Нет, талантов в землю Рабинович не зарывал. Свои дары, как и свою жизнь, он тратит щедро и с вниманием. Можно было бы сказать, что он являет собой прекрасный образец того, как можно отдавать другим все, не отнимая от себя ничего. Но слово образец, даже если он прекрасный, к Рабиновичу не подходит. И потом: никакой образец он не показывает. Его случай иной: он отдает другим всё тем, что живет так, как ему хочется жить. С Рабиновичем мы лично познакомились сравнительно недавно, около десяти лет назад. Когда наши отношения стали принимать дружеский характер, он, видимо, желая предупредить возможные недоразумения и создать уютную для себя искреннюю атмосферу, не раз замечал мне, что он не любит этики и не числит мораль в больших своих друзьях. Это не были утверждения или заявления, которые требовали с моей стороны ответа, нет, он просто сообщал мне об этом как о некоторой особенности своей натуры, как если бы он случайному спутнику в спальном вагоне говорил о том, что он, к сожалению, по ночам храпит. Но именно сам факт того, что он сказал мне об этом, опровергал то, о чем он сказал. В самом деле: слова Рабиновича, что он не любит этику, говорили в его пользу больше, чем привычные для меня при личных контактах с коллегами уверения с их стороны, что я занимаюсь очень важным предметом и этика в составе философии — самое главное. И если бы слова Рабиновича были хитростью с его стороны, то его надо было бы считать самым большим хитрецом.

Вопрос о том, что любит Рабинович, в более общем смысле решается столь же просто, как и вопрос о том, что любит Бог. Он любит самого себя. О чем бы он ни говорил, он говорит о себе. Что бы он ни делал, он делает для себя. Подобно всем другим людям, он не может отделаться от себя, но в отличие от них или, по крайней мере, от многих из них он не делает вида, что хочет этого. Однажды случился такой эпизод. Рабинович выступил на траурной церемонии, посвященной прощанию с одним из коллег. После речи он подошел к нам с академиком Л. Н. Митрохиным и, приподняв брови, тихо спросил: «Ну, как я выступил?» Саркастически точный Митрохин ответил ему: «Вадим, не забывай, хоронят все-таки не тебя».

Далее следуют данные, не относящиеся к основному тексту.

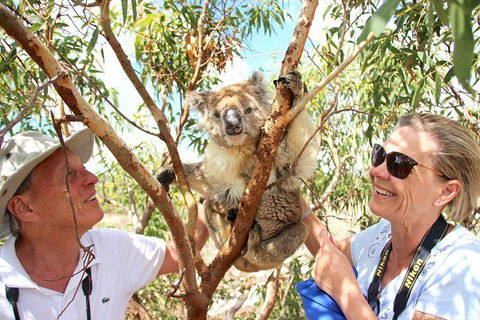 Exceptional Port Lincoln, Seafood And Wildlife Tour - Attractions 6
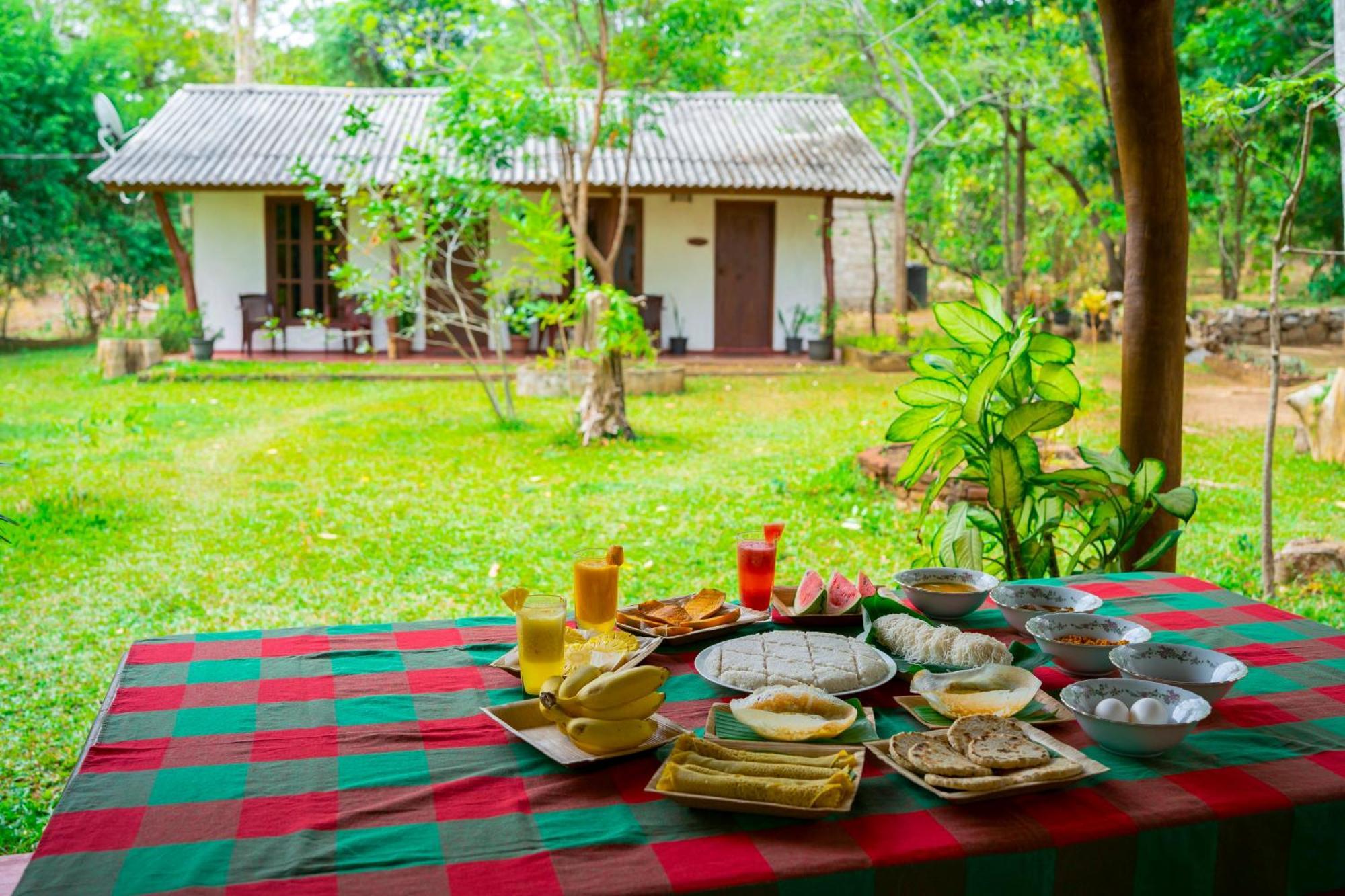 Bed and Breakfast Wild Hut Хабарана Экстерьер фото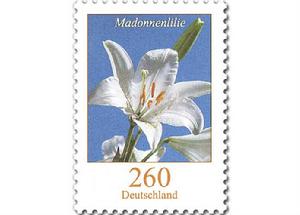 高面值普通郵票:聖母百合 高面值普通郵票:聖母百合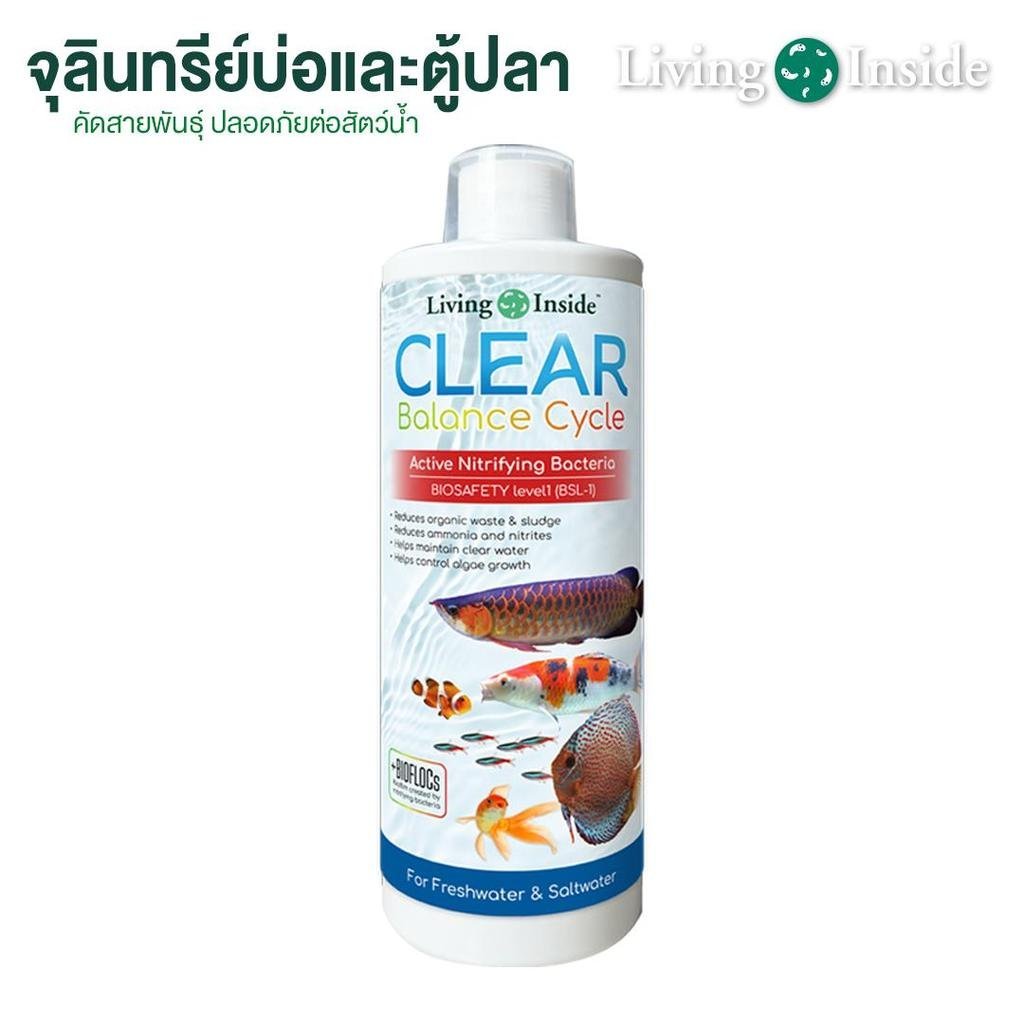 จุลินทรีย์แบคทีเรียสำหรับบ่อปลาและตู้ปลา Living Inside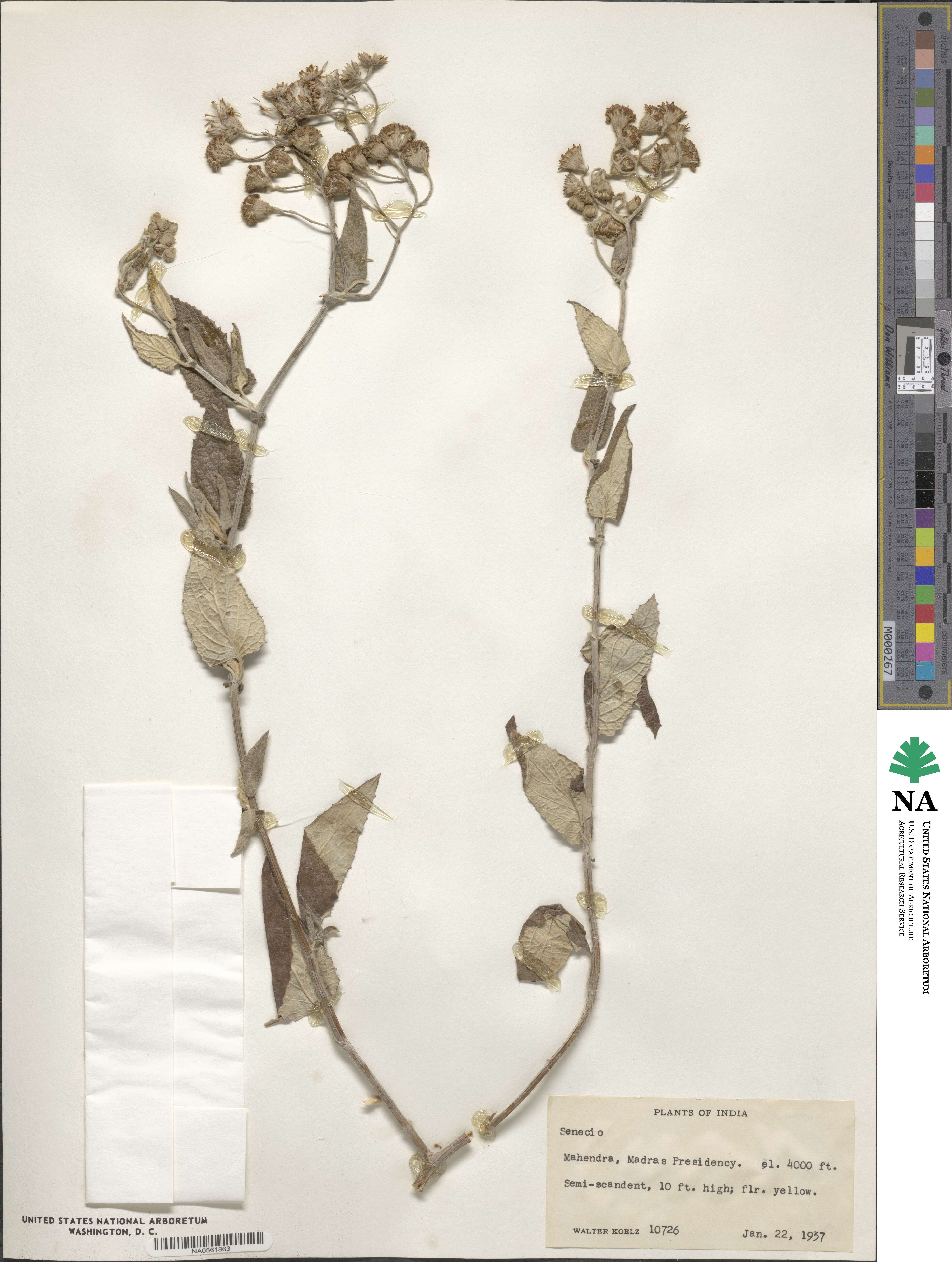 Senecio candicans image
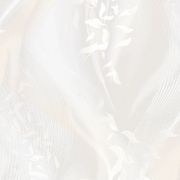 889731 Х 6 Обои Victoria Stenova SECRET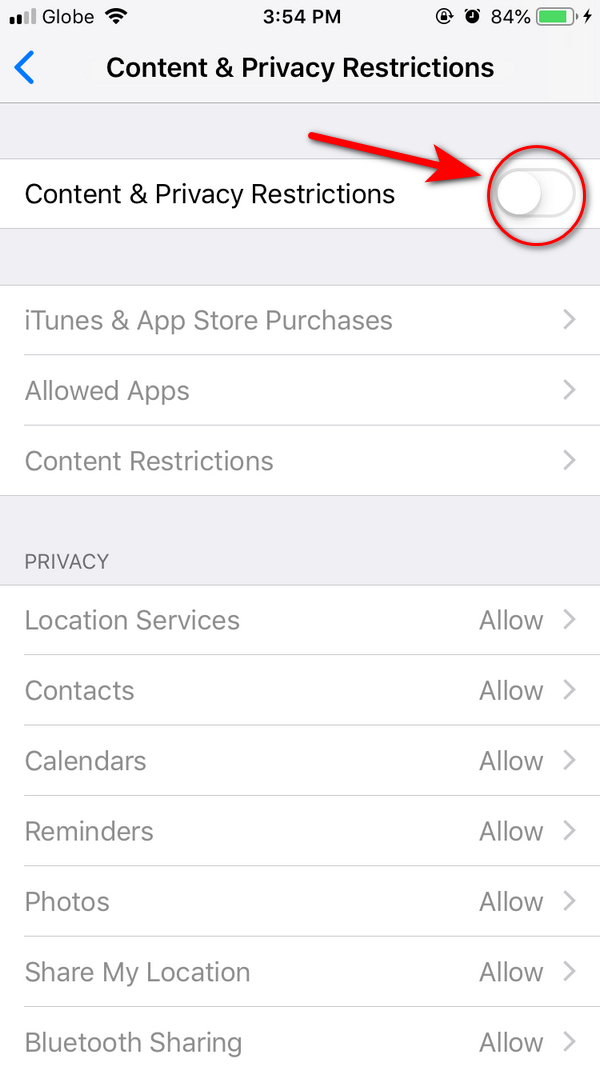 Content & Privacy Restrictions to enable it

В заключение хочу сделать критическое замечание в адрес Рабиновича. Пусть моим оправданием послужит то, что я отступаю от жанра, чтобы остаться в рамках темы и более полно ее раскрыть. Рабиновичу не всегда удается удержаться на божественной или сверхбожественной высоте. Иногда в его облике проглядывают человеческие, я бы даже сказал, слишком человеческие черты. Рабинович не себя помещает в мир, а мир вмещает в себя — именно это позволяет рассматривать его в перспективе Бога. Люди и вещи организуются и маркируются им исключительно в зависимости от того, насколько они благосклонны к нему. Место, о которое он споткнулся, является для него плохим местом. Человек, который к нему плохо относится, является плохим человеком. Именно здесь, в последнем пункте, который касается хорошего и плохого в людях, и обнаруживается человеческая слабость Рабиновича. Все, кто общались с Рабиновичем чуть больше часа, знают, что у него был плохой начальник, который хотел выгнать его с работы и которого он поносит словами, которые могли бы быть оправданы только в том случае, если бы этот начальник ничего другого не хотел, кроме как выгнать с работы Рабиновича. Несколько лет назад в обзорной статье, рассказывающей о людях, усилиями которых в нашей стране складывалось одно из научных направлений и среди которых, несомненно, должен был быть бывший постоянно им поносимый начальник, Рабинович не увидел его имени. Здесь бы Рабиновичу только возликовать. А он возмутился, усмотрел здесь несправедливость и, будучи человеком деятельным, написал об этом. Человеческая слабость Рабиновича состояла не в том, что он так поступил. Она состояла в том, что он мне сам рассказал о том, что он так поступил.

Это замечание, надеюсь, не ставит под сомнение общую мою идею — рассмотреть Рабиновича в божественной перспективе. Оно, собственно, и сделано для того, чтобы отличить юбилейное слово от некролога, чтобы сказать: Рабинович продолжается.

P. S. Когда человек делает что-то хорошее (с его точки зрения), он не должен делать это из расчета на благодарность. Он может радоваться и считать, что ему повезло, если то, что он делает, не создает ему дополнительных трудностей. В случае данного этюда автор был бы удовлетворен, если бы ему удалось избежать упрека, будто он упомянул чье-либо имя всуе.